Manuka Balının Özellikleri ve Faydaları
Manuka balı, adını Yeni Zelanda’da yetişen Manuka çiçeklerinden alarak, 19. yüzyılın başlarında arıların bu bitkiden nektar toplayarak ürettikleri özel bir bal türüdür. Bu eşsiz balın yıllık üretimi sadece 1.7 ton ile sınırlıdır ve Yeni Zelanda’dan tüm dünyaya mühürlü kutular içinde ihraç edilmektedir. Arılar, Manuka çiçeklerinden polen topladıklarında, elde ettikleri bal, standart bal türlerinden çok daha güçlü bir yapıya sahiptir. Bunun en önemli nedeni, Manuka bitkisinin yüksek metilglikoksal (MGO) konsantrasyonuna sahip olmasıdır.

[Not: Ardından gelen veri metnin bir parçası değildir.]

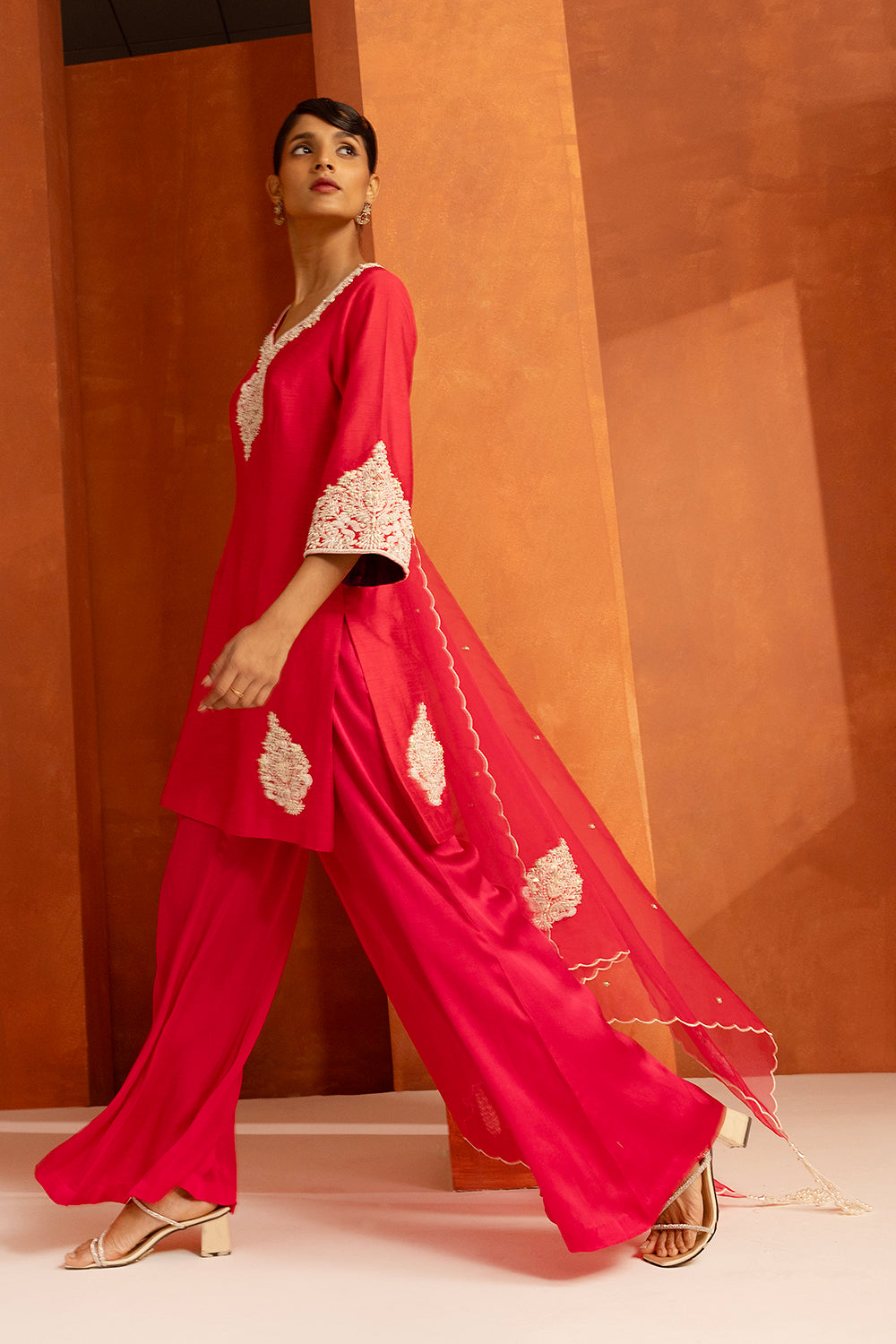 Fuchsia Short Kurta Set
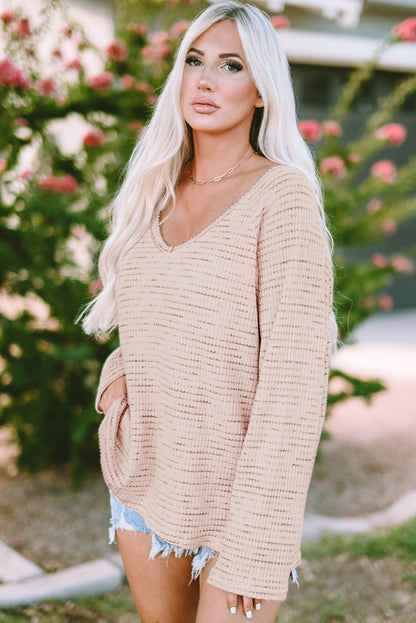 Waffled Knit Long Sleeve V-Neck Frayed Top | Pink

Manuka balının, boğaz ağrısı tedavisinden cilt lekelerinin giderilmesine kadar geniş bir kullanım yelpazesi bulunmaktadır. Bu balın çeşitli sağlık yararları arasında şunlar yer almaktadır:
- Kesik ve çiziklerin iyileşmesine yardımcı olur.
- Enfeksiyonları temizler.
- Mide ağrılarını hafifletir.
- Sindirim sistemini iyileştirir.
- Bağışıklık sistemini güçlendirir.
- Enerji verir.
Çoğu alternatif tedavi yönteminin aksine, Manuka balının iyileştirici faydalarını destekleyen bilimsel kanıtlar mevcuttur.
Yaraların İyileştirilmesi
Diğer bal çeşitlerinde olduğu gibi, Manuka balı da yaraların iyileşmesine önemli ölçüde katkıda bulunabilir. Tüm bal türleri asidik bir yapıya sahiptir ve pH değerleri genellikle 3.2 ile 4.5 arasında değişmektedir. Balın asidik özelliklerinin yaraların iyileşmesini desteklediği bilimsel olarak gösterilmiştir.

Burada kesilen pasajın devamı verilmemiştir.